Apart from the pictures, please restate every entry below exactly.

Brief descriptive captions
►
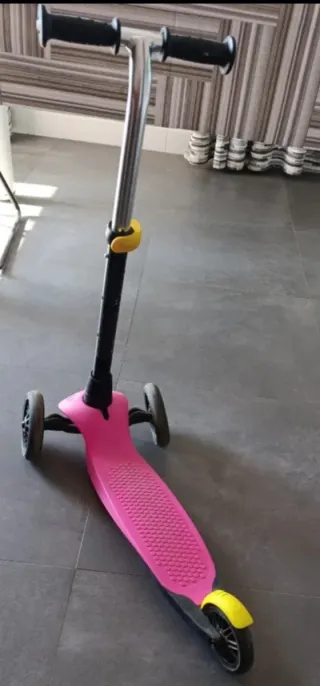 Patinete infantil,3 ruedas rosa.Decathlon.oxelo b1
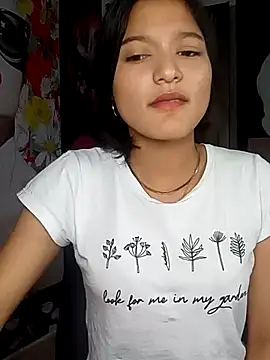 Sweet_Innocence_'s Webcam Show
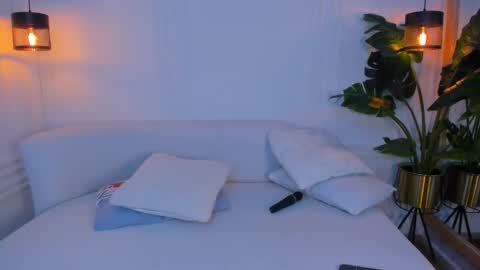 Snapshot of dafne_hillss chatting on October 1, 2025, 12:38 am dafne_hillss online show from October 1, 2025, 12:38 am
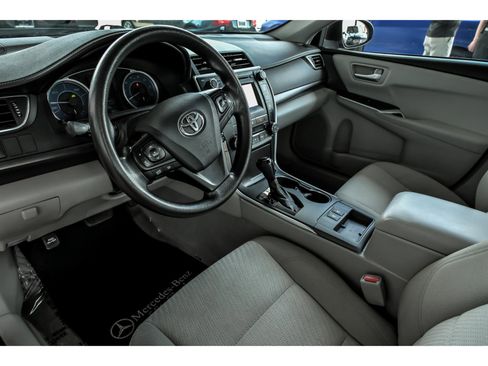 Used 2016 Toyota Camry LE image 10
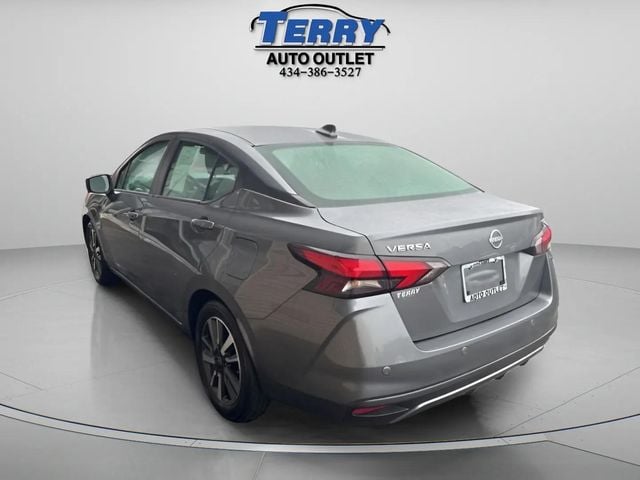 Pre-Owned 2024 Nissan Versa 1.6 SV - photo - 5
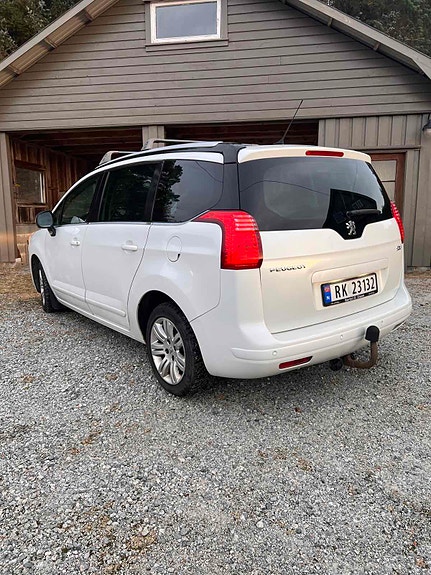 Peugeot 5008 8 of 18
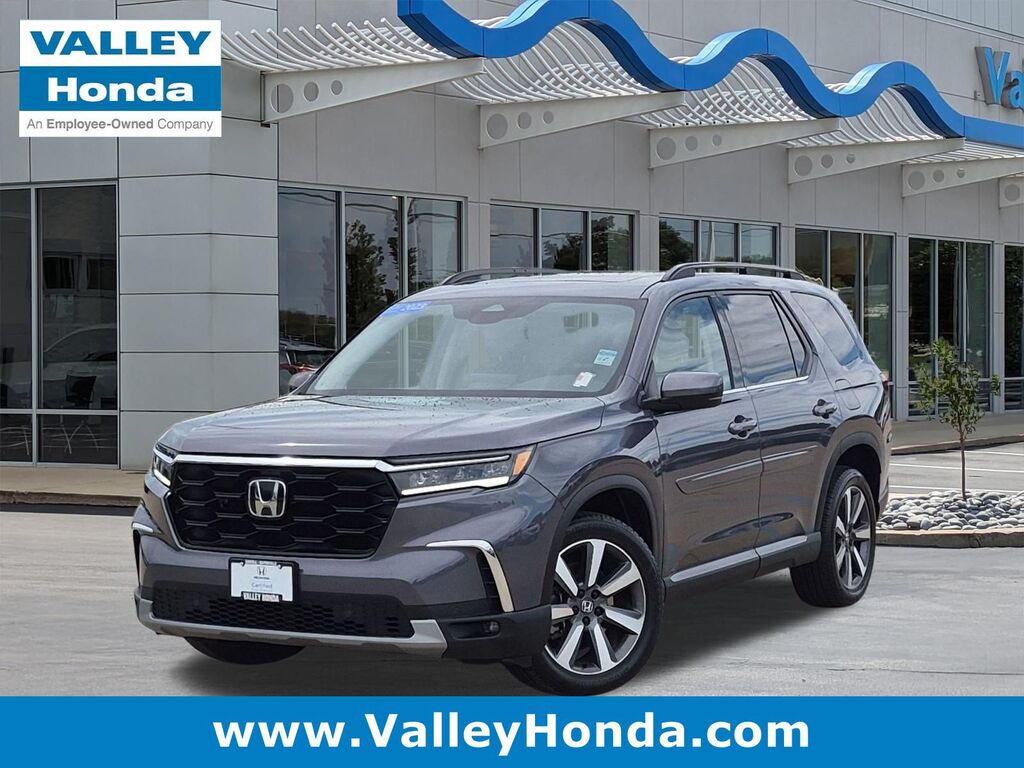 2023 Honda Pilot AWD TRG — photo 1 of 7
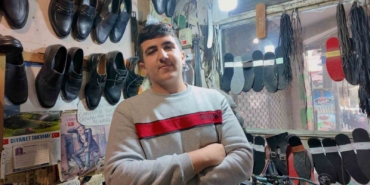 16-yasinda-dukkani-devraldi-3-bucuk-metrekarede-dede-meslegini-surduruyor-bPkvnGVn.jpg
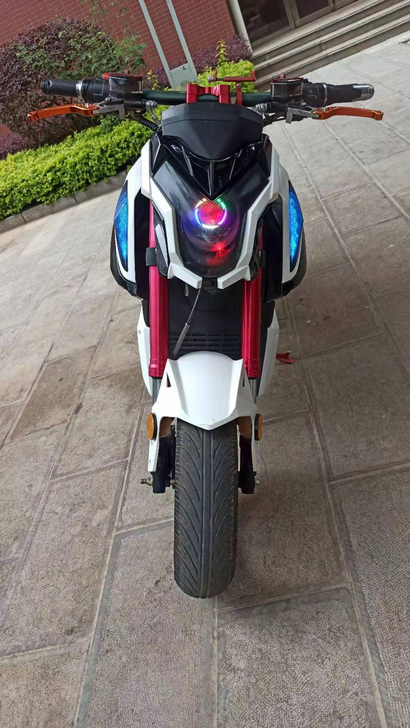 72伏35安精品z6，成色如图，刚换的全新...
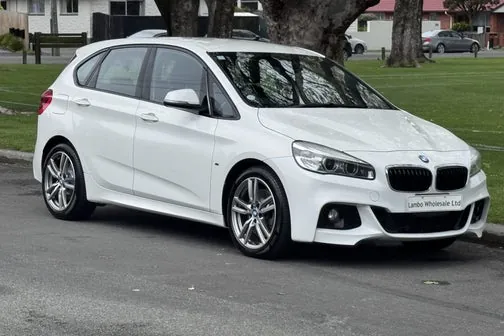 BMW 225I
◄
→ **Result**:
 Patinete infantil,3 ruedas rosa.Decathlon.oxelo b1
 Sweet_Innocence_'s Webcam Show
 Snapshot of dafne_hillss chatting on October 1, 2025, 12:38 am dafne_hillss online show from October 1, 2025, 12:38 am
 Used 2016 Toyota Camry LE image 10
 Pre-Owned 2024 Nissan Versa 1.6 SV - photo - 5
 Peugeot 5008 8 of 18
 2023 Honda Pilot AWD TRG — photo 1 of 7
 16-yasinda-dukkani-devraldi-3-bucuk-metrekarede-dede-meslegini-surduruyor-bPkvnGVn.jpg
 72伏35安精品z6，成色如图，刚换的全新...
 BMW 225I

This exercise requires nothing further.